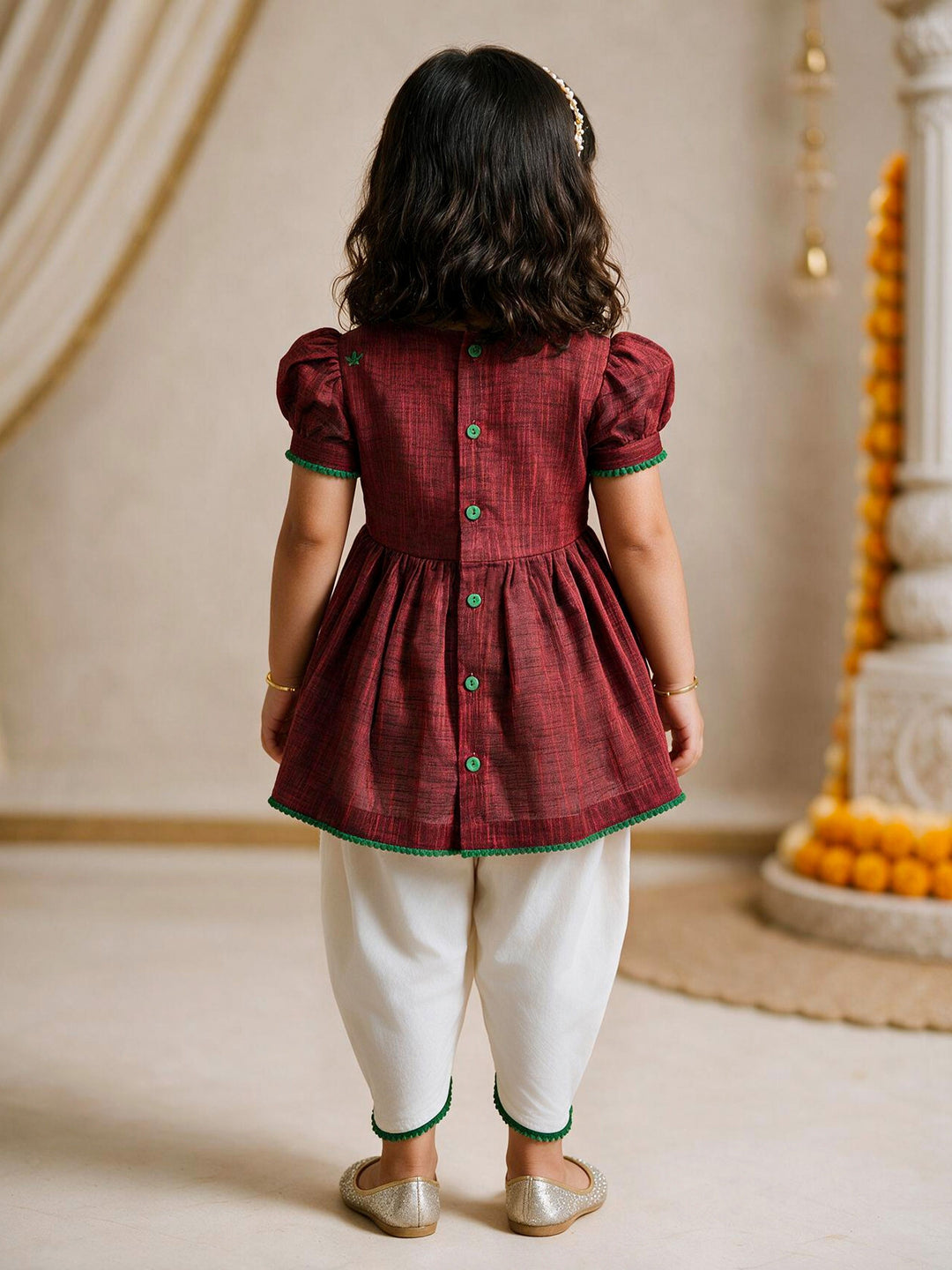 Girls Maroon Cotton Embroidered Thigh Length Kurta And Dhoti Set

....................

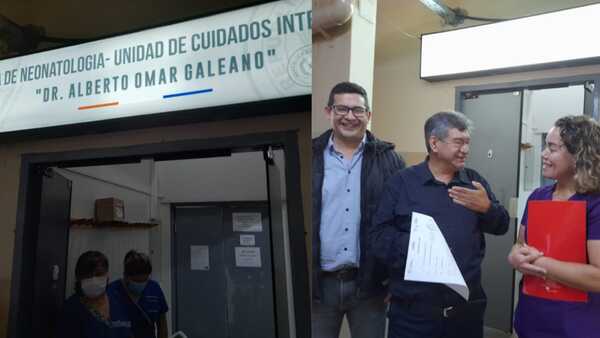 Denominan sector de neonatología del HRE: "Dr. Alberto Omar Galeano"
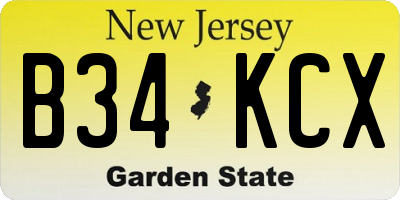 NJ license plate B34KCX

....................

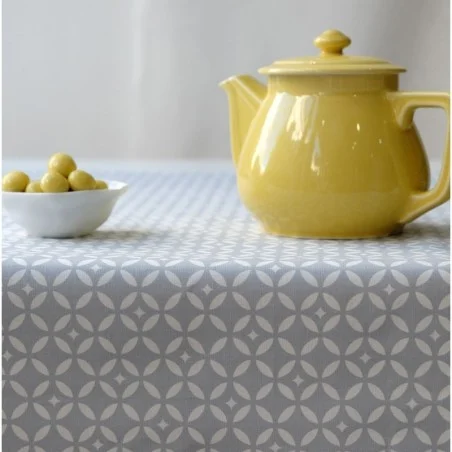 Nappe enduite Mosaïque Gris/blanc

....................

From the records above, transcribe only the stretch from the line with "Denominan sector de" through the line with "NJ license plate B34KCX", keeping both ends. Omit pictures.

**YOUR RESPONSE**
 Denominan sector de neonatología del HRE: "Dr. Alberto Omar Galeano"
 NJ license plate B34KCX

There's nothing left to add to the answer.